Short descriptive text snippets

================

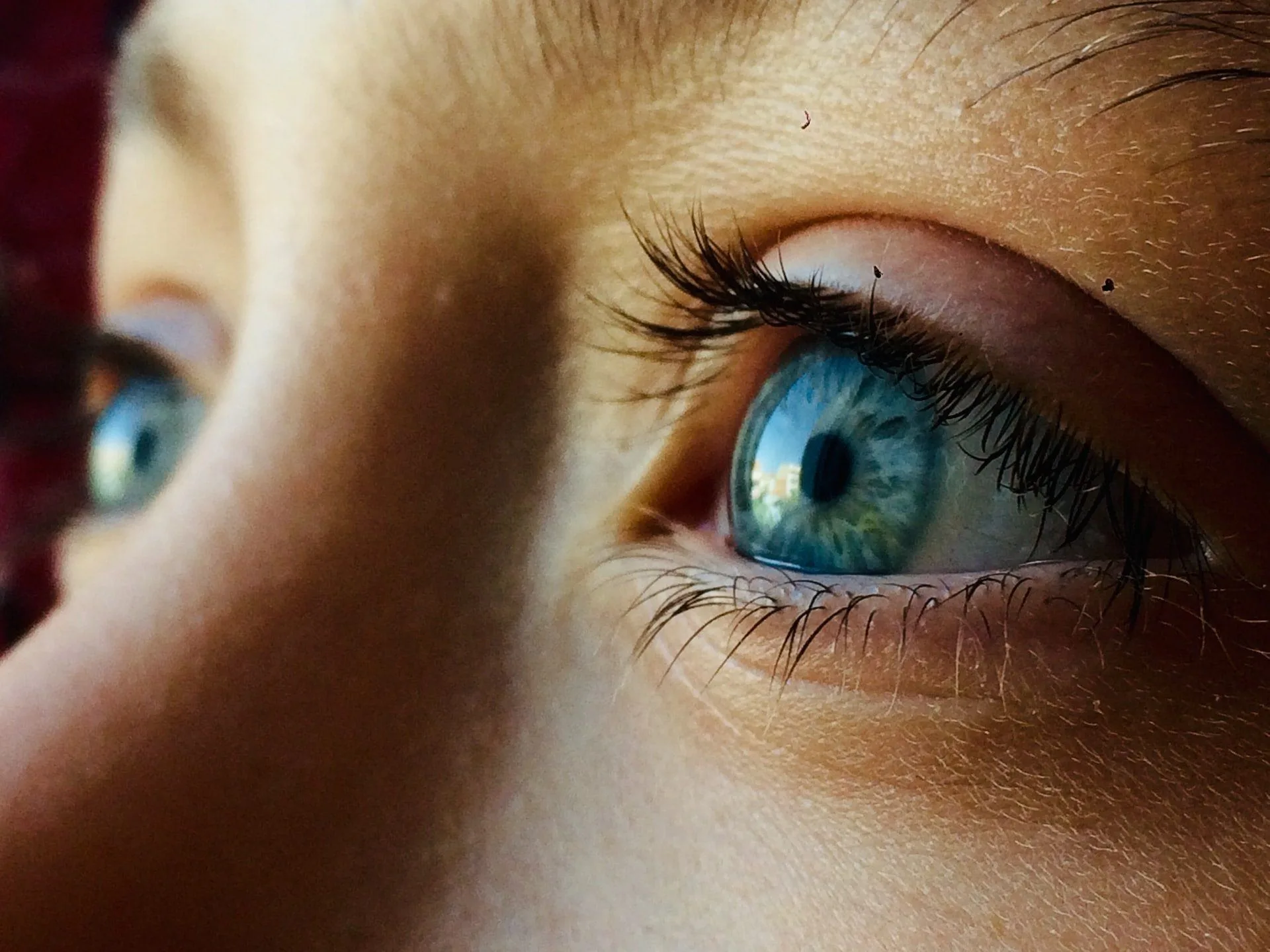 contact lenses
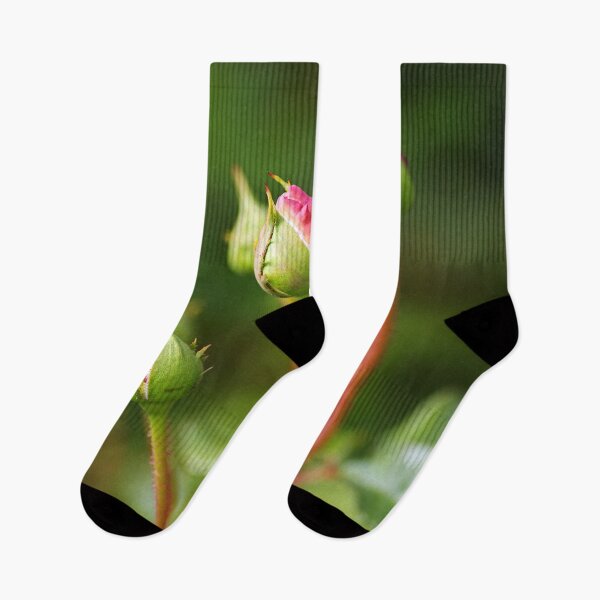 Item preview, Five Pink Rose In Buds designed and sold by Joy Watson - Natural Light Photography .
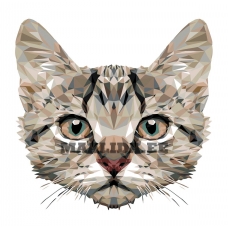 Maalid numbrite järgi A368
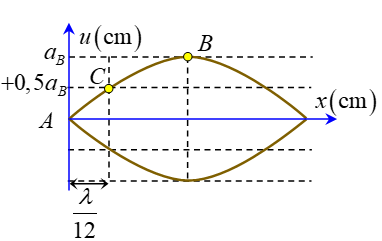 image6.png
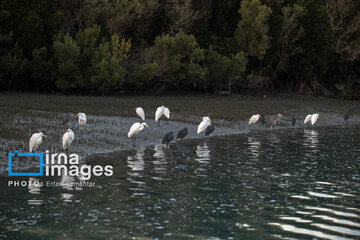 Tiyab Bay, habitat of migratory birds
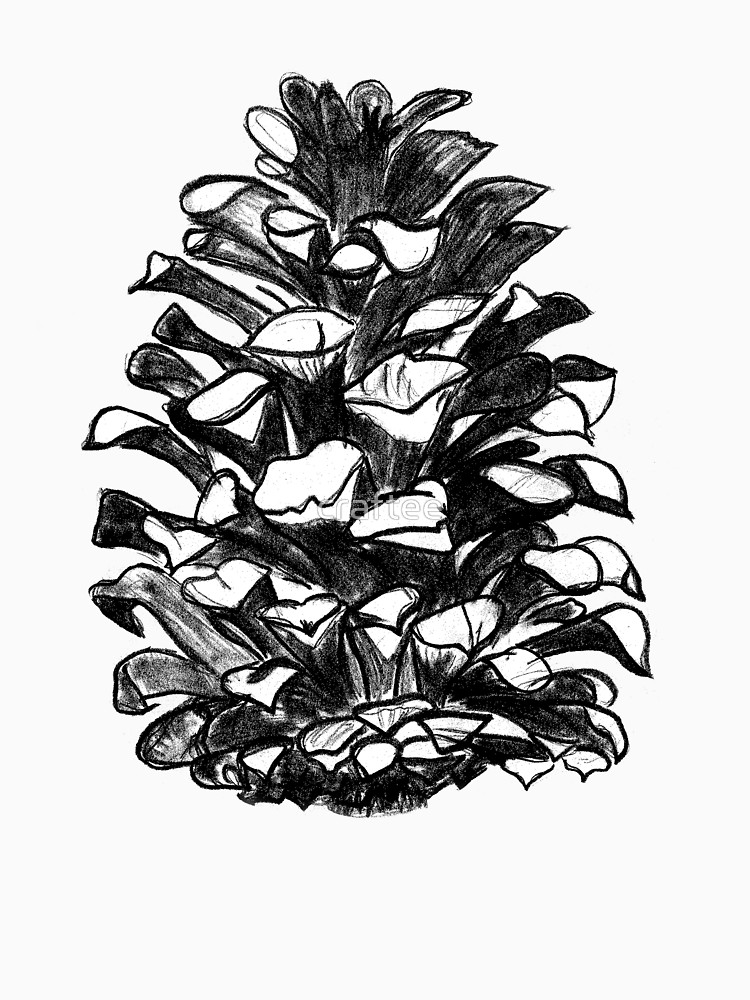 Pine Cone Drawing at GetDrawings.com | Free for personal use Pine Cone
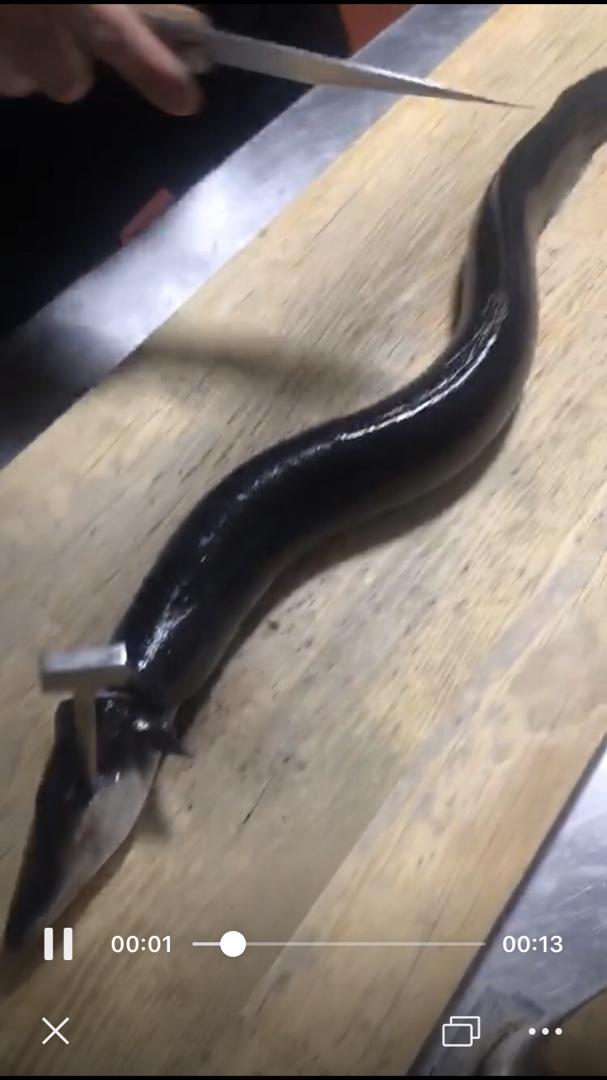 晚餐•2020年3月16日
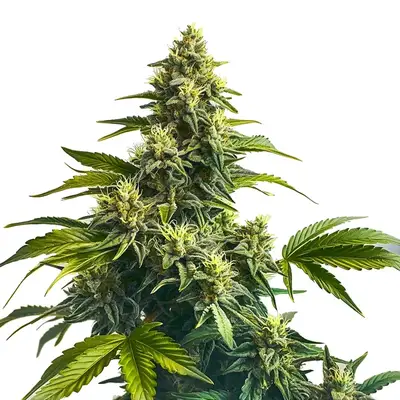Bruce Banner x Carmen cannabis seeds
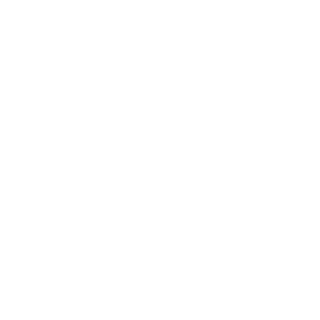 Spacemuffins9's emblem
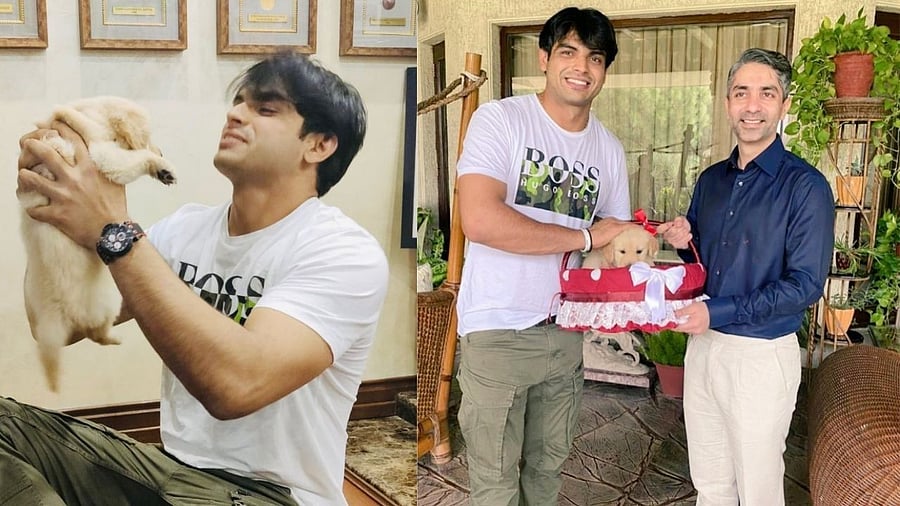 Bindra said it was a pleasure to meet and interact with India's golden man. Credit: Twitter Photo/@Neeraj_chopra1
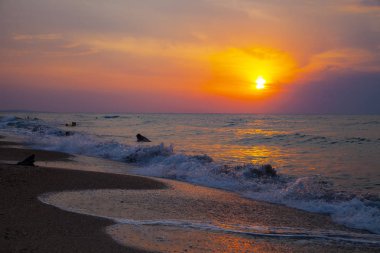 Gün batımında güzel deniz. 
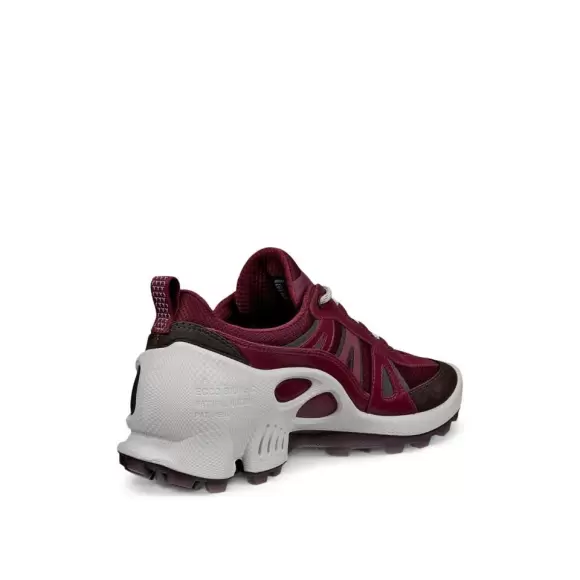 Dame Sneakers - ECCO - ECCO BIOM C-TRAIL W INV-GTX 803463-61424
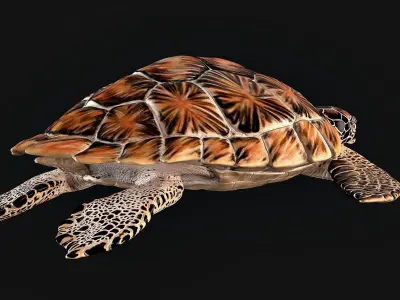Hawksbill Sea Turtle 3D model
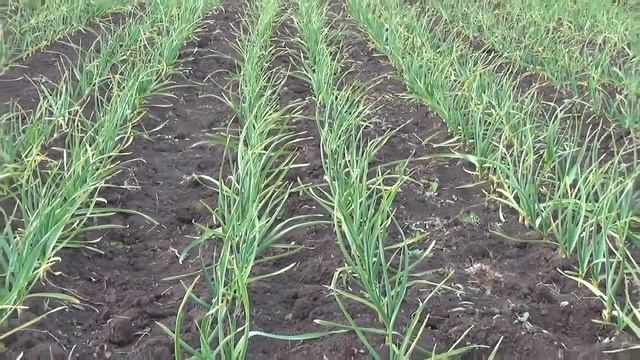 Как заработать на чесноке. Часть 3.Первая прополка. смотреть онлайн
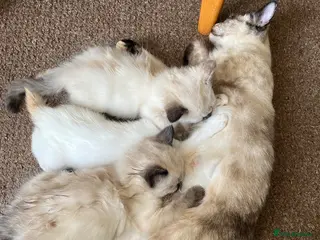 Ragdoll cats Gorgeous Ragdoll Kittens - Advert 1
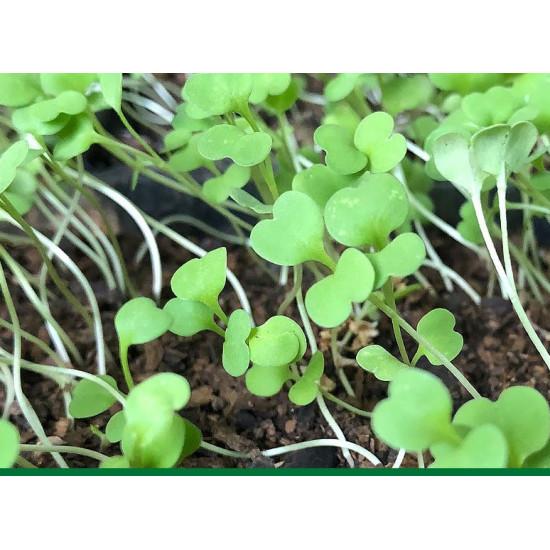Rocket arugula(10 Sapling)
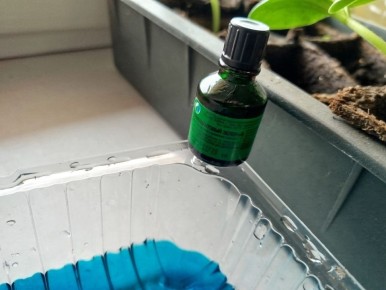 Необычное применение зеленки на даче: советы для садоводов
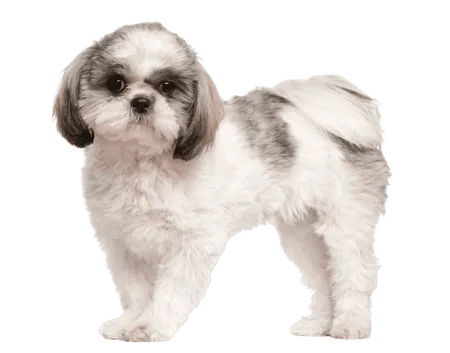 Bild für Shih Tzu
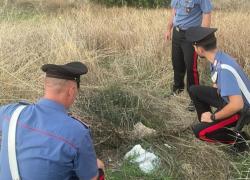 Novara, resti umani ritrovati in un bosco sono di Liliana Agnani: il figlio Stefano Garini indagato per omicidio
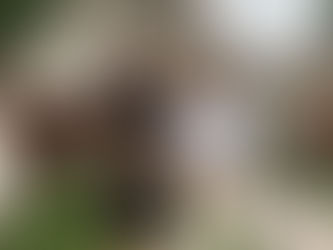 La UJED trabaja en el fortalecimiento de cuerpos académicos con estancias de investigadores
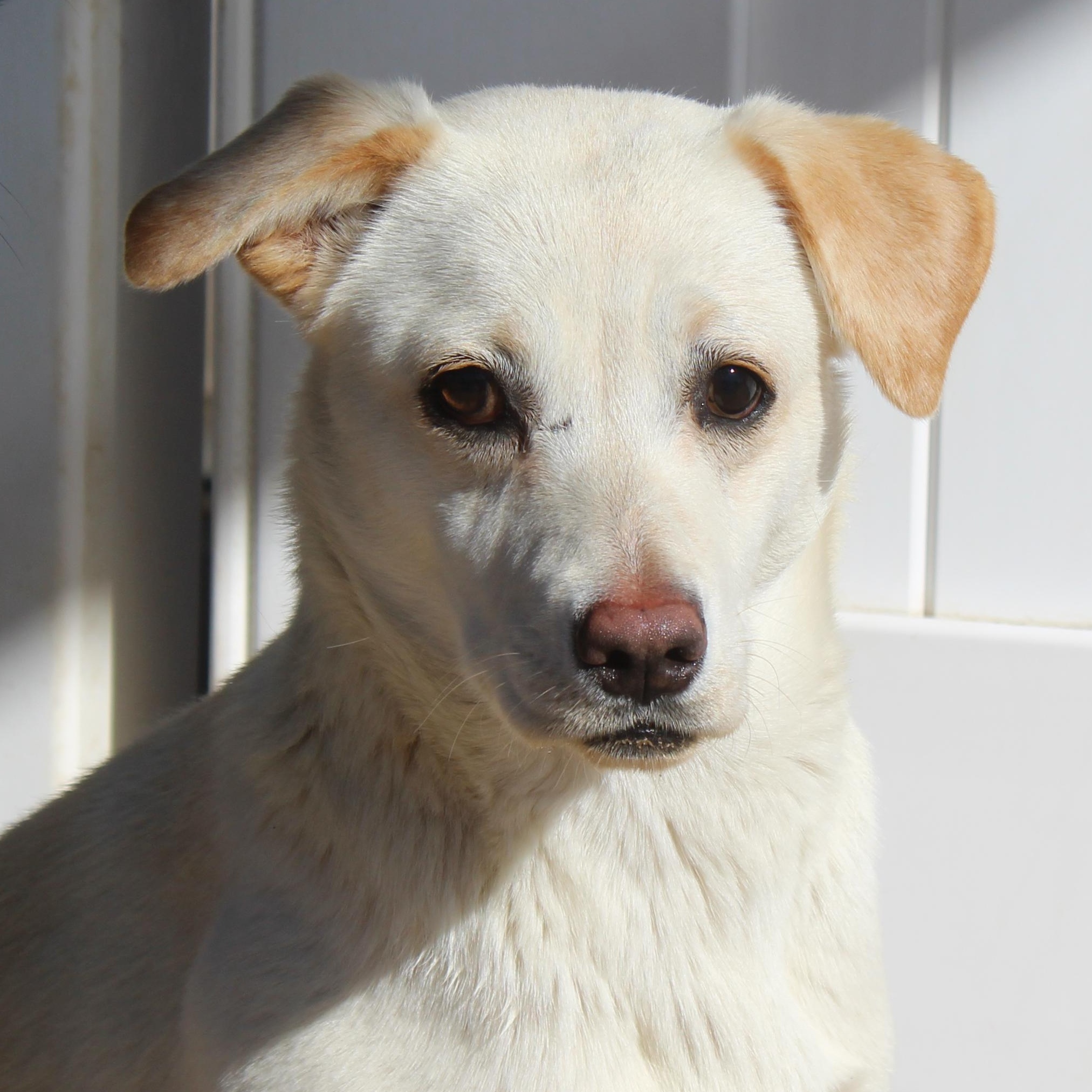 Enlarge Mackenzie, a ADOPTABLE mixed breed in Yucca Valley, CA image 1/4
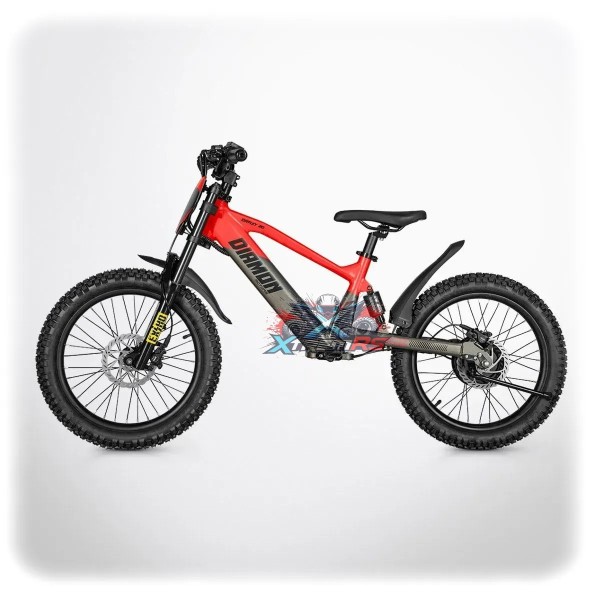 Draisienne elektrická DRAXY 600 W 20" | XtremRS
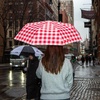 image:imageKikkerland Baguette Umbrella  Compact amp Wind Resistant with Storage Sleeve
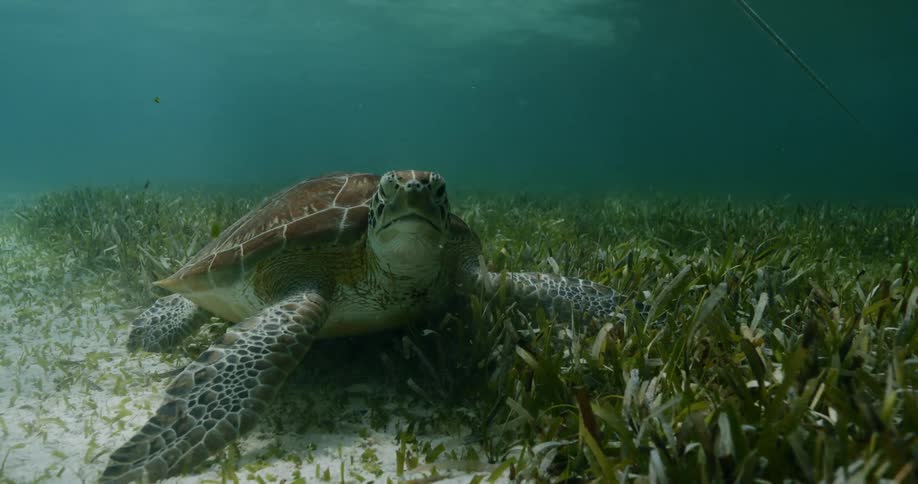 A turtle on the bed of a body of water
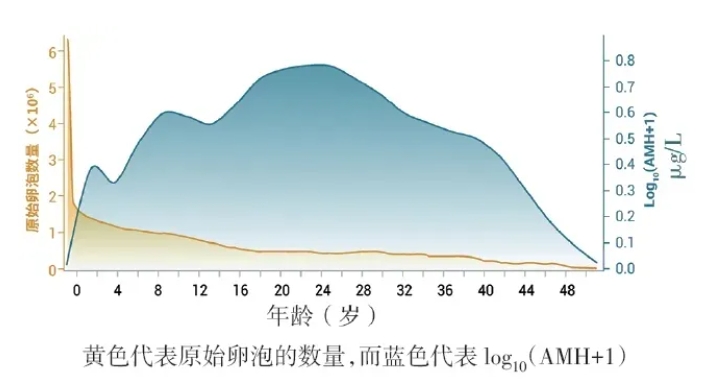 AMH的影响因素有哪些？AMH的临床作用是什么？AMH降低距离绝经还有多远？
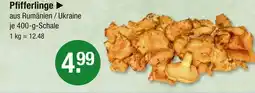 V Markt Pfifferlinge Angebot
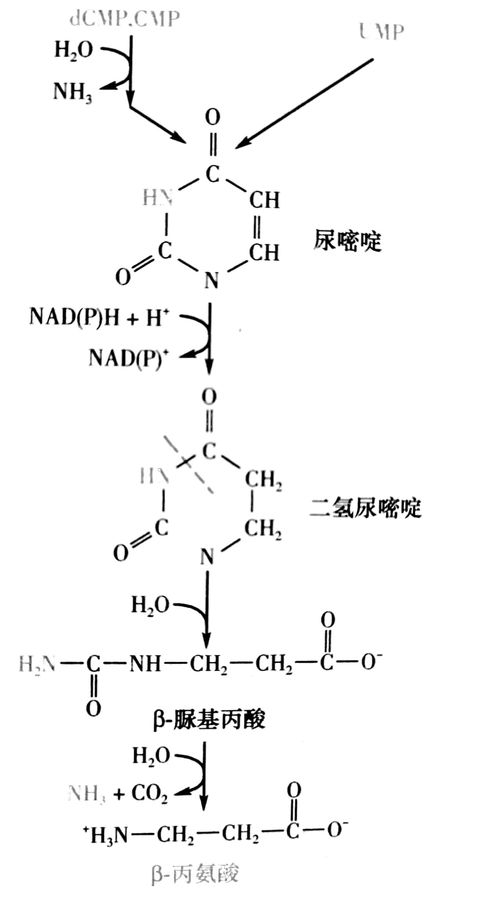 nadh是什么-第2张图片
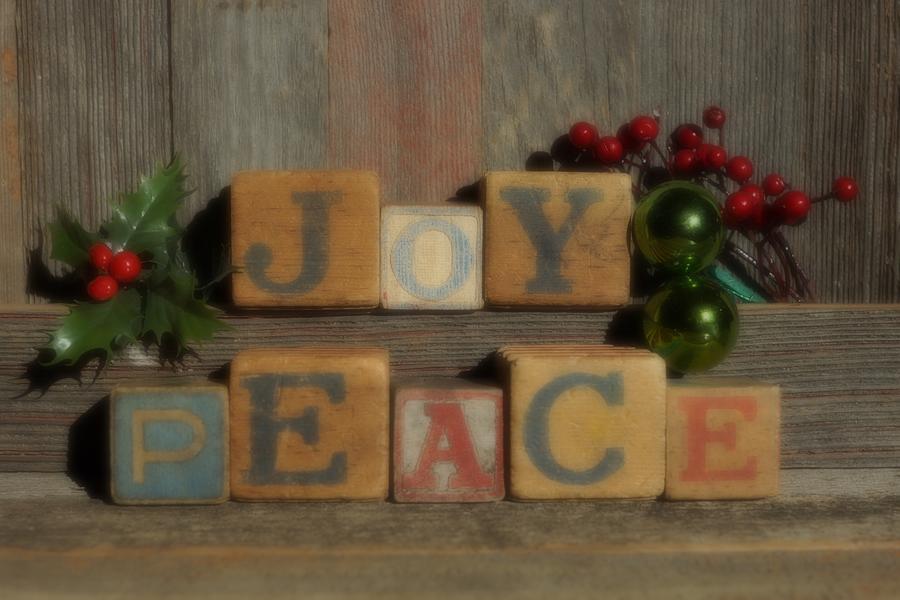Joy and Peace soft focus Photograph by Steven Clipperton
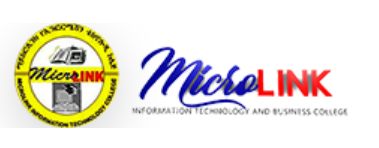 MicroLink Information Technology College logo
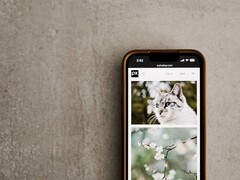 Smartphone auf grauem Untergrund, auf dem Display eine Galerie mit Fotos von Katzen und Blumen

================

Directions for this task
Word for word, retype the lines from the one that contains "V Markt Pfifferlinge Angebot" through the final line of the data, both ends included, excluding pictures.

Answer to this problem
 V Markt Pfifferlinge Angebot
 nadh是什么-第2张图片
Joy and Peace soft focus Photograph by Steven Clipperton
 MicroLink Information Technology College logo
 Smartphone auf grauem Untergrund, auf dem Display eine Galerie mit Fotos von Katzen und Blumen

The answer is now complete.